Когда Уэллс вернулся домой, из печати вышел его новый футурологический трактат, написанный в 1902-м, — «Человечество в процессе созидания» (текст начиная с лета публиковался отрывками в «Фортнайтли ревью» и нью-йоркском «Космополитене»). Позднее он назвал эту вещь самой забытой из своих книг и говорил только о ее недостатках: сбивчивая, легковесная. На наш взгляд, «Человечество в процессе созидания» не заслуживает пренебрежительного отношения. Да, эта книга затянута, слабо скомпонована, вступает в противоречие с другими, но она более, чем любая другая футурологическая работа Уэллса, позволяет увидеть за ее строками живого человека; она — самая добрая.
Уэллс возвращается к вопросу о евгенике и на сей раз выступает как ее противник. Было бы хорошо, если б достойные люди размножались, а недостойные — нет; но как решить, кто достоин? Красота, здоровье, разумность — все эти критерии абстрактны и субъективны, но даже если бы можно было эти характеристики сформулировать, наука пока не знает, передаются ли они по наследству. Та же ситуация с «отрицательными» критериями. Даже об алкоголизме нельзя сказать с уверенностью, что это свойство наследуется; то же касается психических заболеваний и преступных наклонностей. Не контроль за рождаемостью, а правильное воспитание — вот единственный способ вырастить достойных граждан Новой Республики.

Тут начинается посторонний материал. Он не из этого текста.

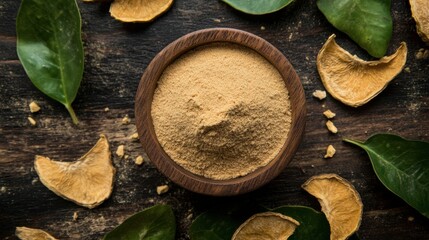 Bael fruit powder in a wooden bowl, surrounded by dried bael slices and leaves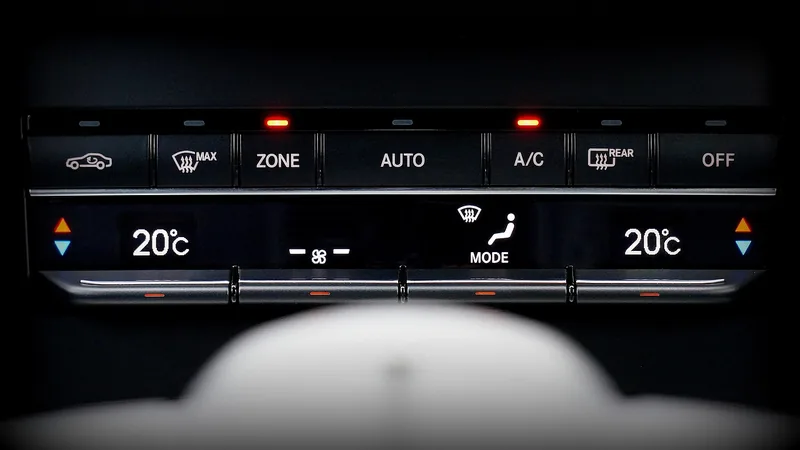 Dual-zone car climate control panel with the A/C button lit and both sides set to 20 C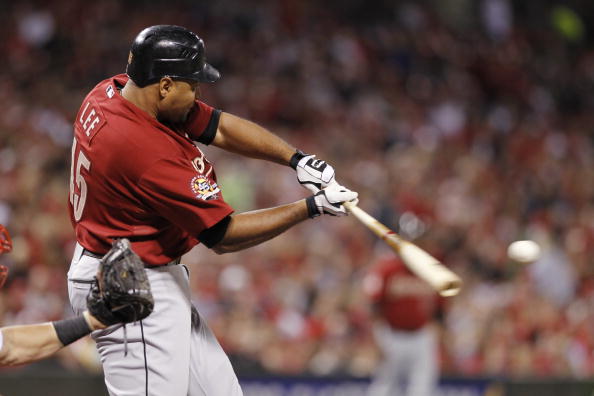 CINCINNATI, OH - SEPTEMBER 28: Carlos Lee #45 of the Houston Astros hits a ball that would have been a home run but was caught above the outfield wall by Drew Stubbs of the Cincinnati Reds at Great American Ball Park on September 28, 2010 in Cincinnati, O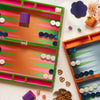 Two vibrant backgammon boards with pieces on a light surface.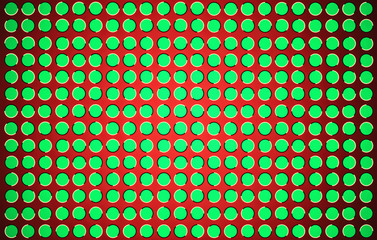 The optical illusion of movement executed in the form of fluctuating green circles over red background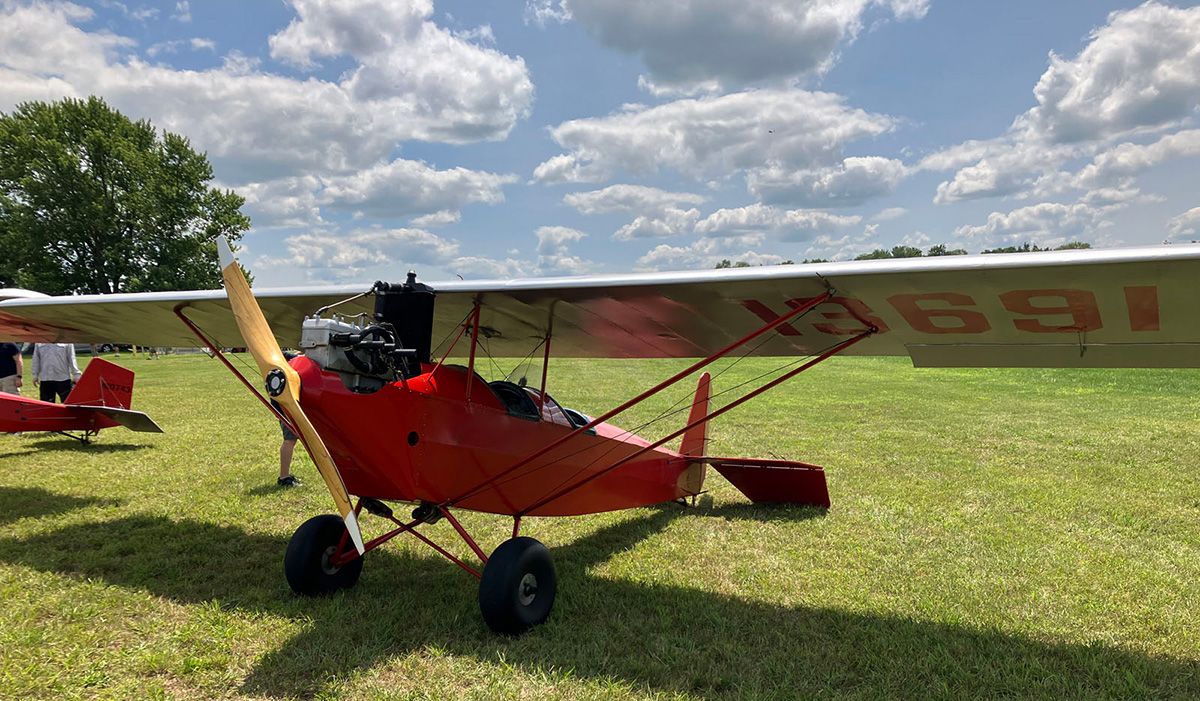 red pietenpol parked under grass under pretty clouds and blue sky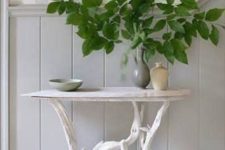 15 a little coffee table of driftwood as legs and a thin white wooden tabletop for a small entryway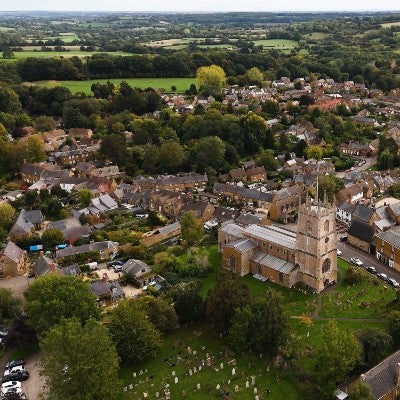 Aerial view of Chipping Norton, showing the historic town, church and surrounding North Cotswolds countryside.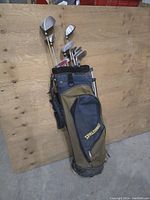 Photo of golf clubs standing in Spalding branded golf bag, showing multiple clubs with steel shafts and bag front pocket.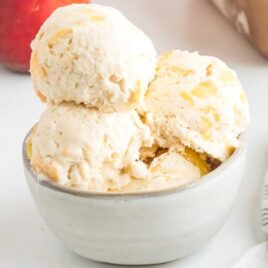 close up shot of scoops of peach ice cream in a bowl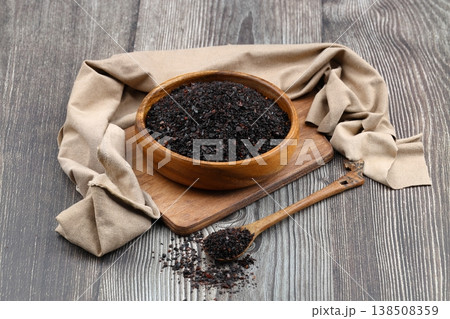 Dried Isot Pepper Flakes in a Wooden Bowl on Dark Wood Background - Traditional Turkish Urfa Chili Dried Isot Pepper Flakes in a Wooden Bowl on Dark Wood Background - Traditional Turkish Urfa Chili 138508359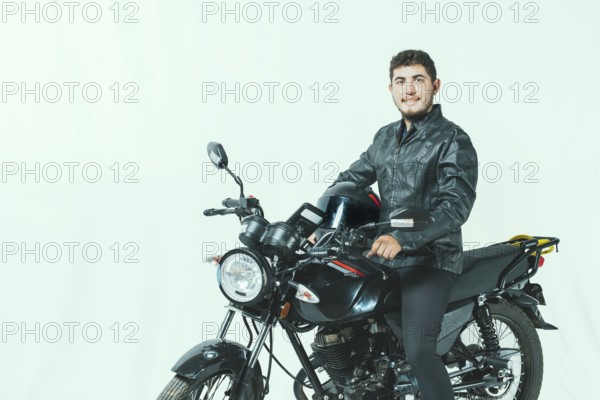 Smiling motorcyclist sitting on his motorcycle holding helmet, isolated. Portrait of handsome biker on motorcycle on isolated background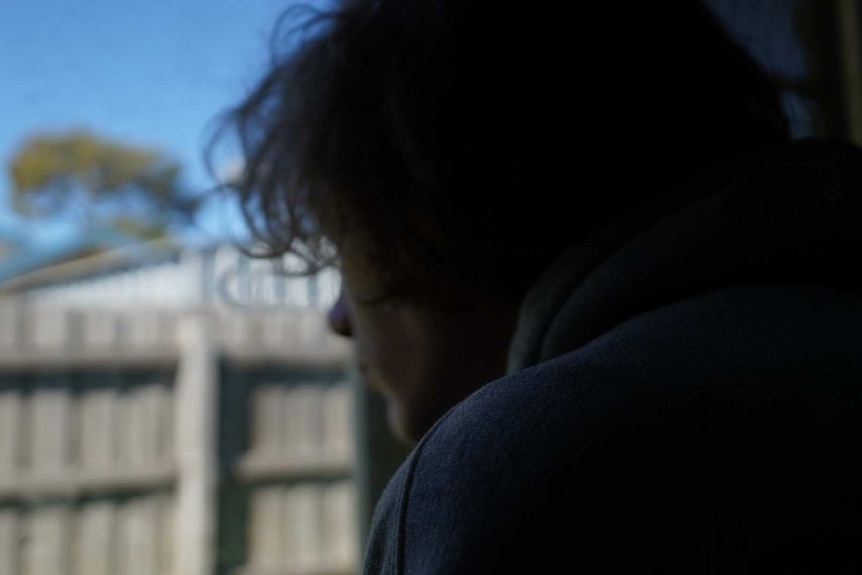 A boy with medium length brown hair is shown side-on, looking out into a backyard.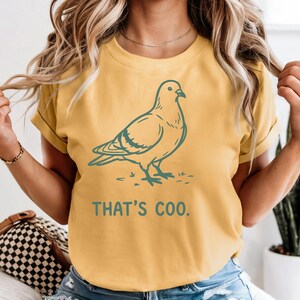 May include: Mustard yellow t-shirt with a teal illustration of a pigeon and the text "THAT'S COO." The shirt has short sleeves and a relaxed fit. The design is simple and graphic, suitable for casual wear.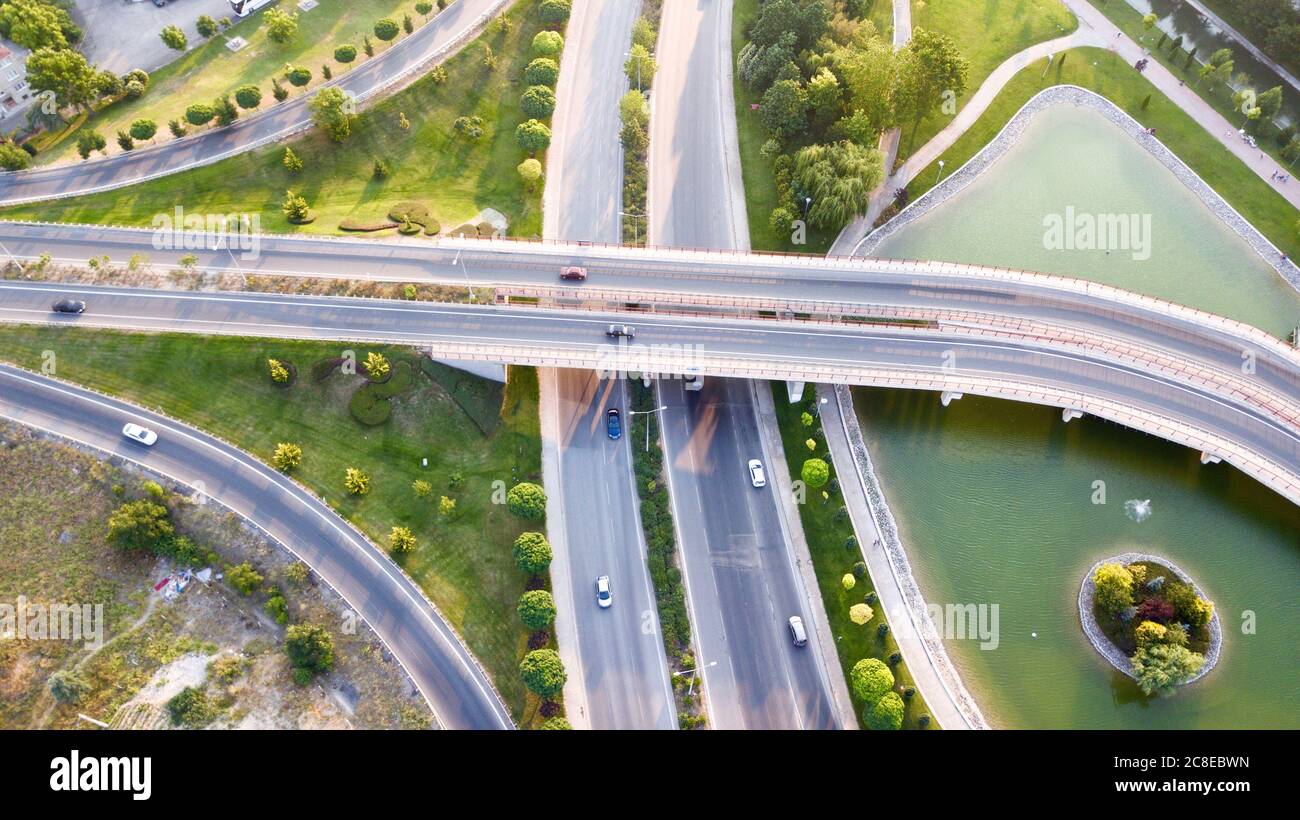 Aerial view of the roundabout on the river. Trees, overpass, buildings and vehicles can be seen. Stock Photo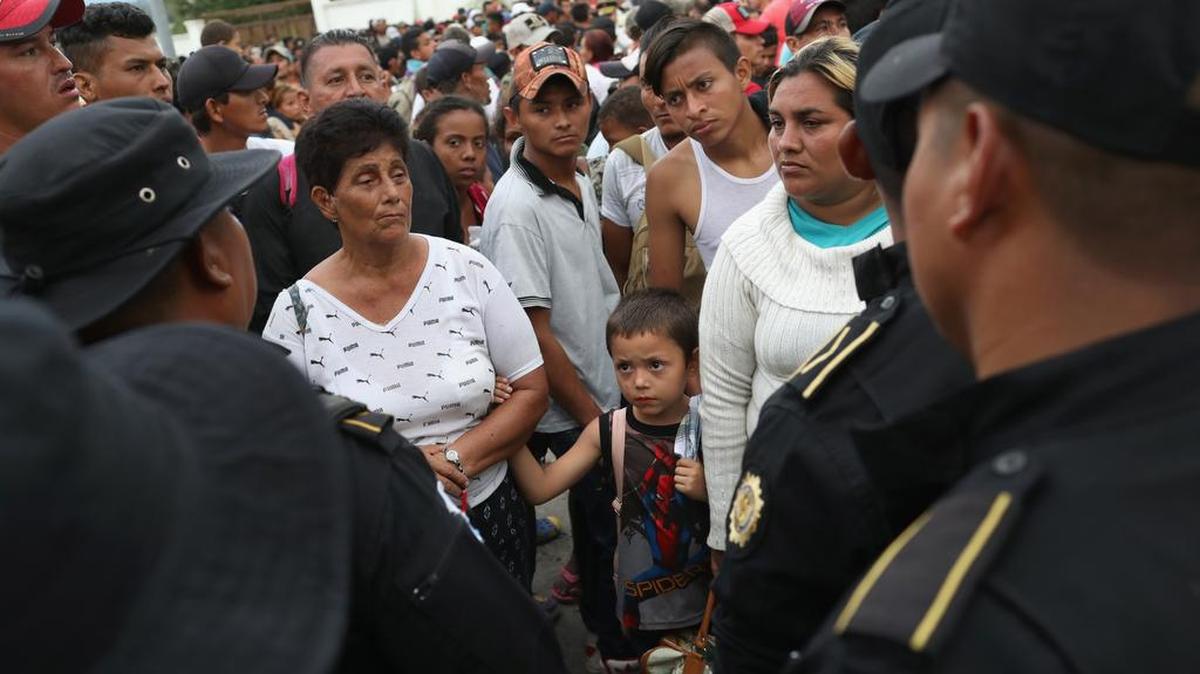 A caravan of more than 1,500 Honduran immigrants check in to their local authorities in Esquipulas, Guatemala.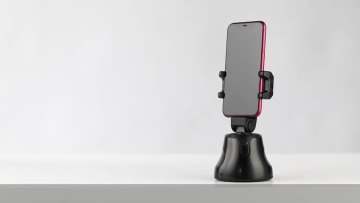 Tracking phone holder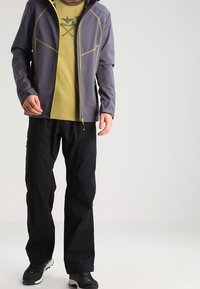 Homme portant une veste zippée grise par-dessus un t-shirt vert à motif, un pantalon noir et des chaussures de plein air noires, debout devant un fond uni.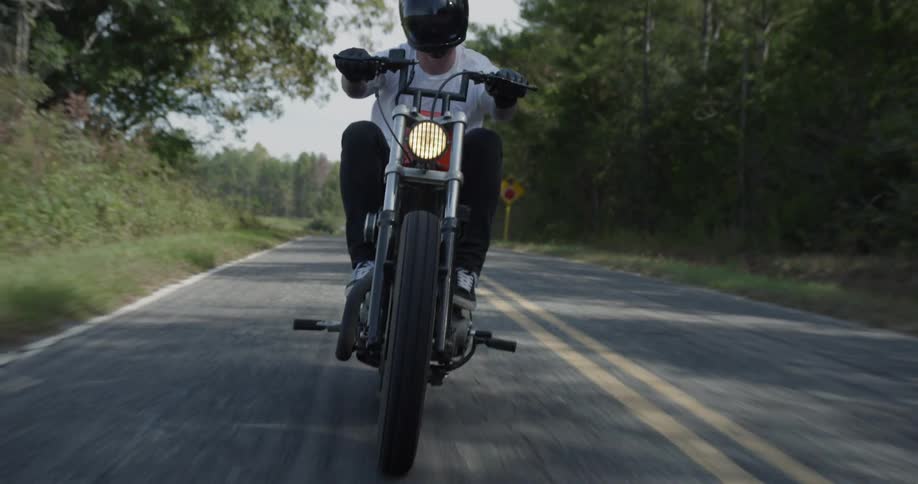 Man rides a motorcycle down the highway near the trees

Большая часть трактата посвящена вопросам воспитания детей; она написана с нежной любовью и пониманием — так может написать лишь счастливый отец. Уэллс объясняет, как должна быть устроена детская комната: яркие цветные обои, тепло, чистота, свежий воздух; как купать младенца, как вытирать (непременно махровыми полотенцами, коих должно быть много!); он придумывает игрушки, каких не продают в магазинах: «Например, небольшие коробки из разных материалов, с крышками, которые легко снимаются; резиновые игрушки, которые можно крутить, сгибать, кусать и жевать; пушистые, как кроличий хвост, игрушки с гибким стержнем внутри; шары разных размеров, обтянутые мягкой тканью. Игрушки должны постоянно лежать на коврике, где ползает малыш; они должны быть ярко окрашены (нерастворимыми красками, без запаха) и быть слишком большими, чтоб ребенок мог их проглотить. Беречь их не нужно: они предназначены, чтоб их грызть, гнуть и разбирать на части; возможно, некоторые из них и выживут — самые любимые, драгоценные сокровища, доверенные лица и верные друзья». Детские коляски, режим кормления, проветривание комнаты — отец крохи Джипа не упустил ни единой мелочи. Уэллса вечно обвиняют в том, что он предлагал передавать детей на воспитание государству — в «Человечестве» он пишет совершенно обратное: «Лишь благородная, нежно любящая и старательная женщина может правильно воспитать детей (от одного до трех-четырех, в крайнем случае — при помощи няни — до семи, но это уже будет редкостью и подвигом)». Далее Уэллс пишет о том, как учить ребенка говорить, как обучать четырех-пятилеток чтению при помощи кубиков; на каких наглядных пособиях преподать дошкольнику основы математических понятий, а ведь Джипу еще нет и двух, стало быть, отец заранее думал о том, как будет заниматься с ним…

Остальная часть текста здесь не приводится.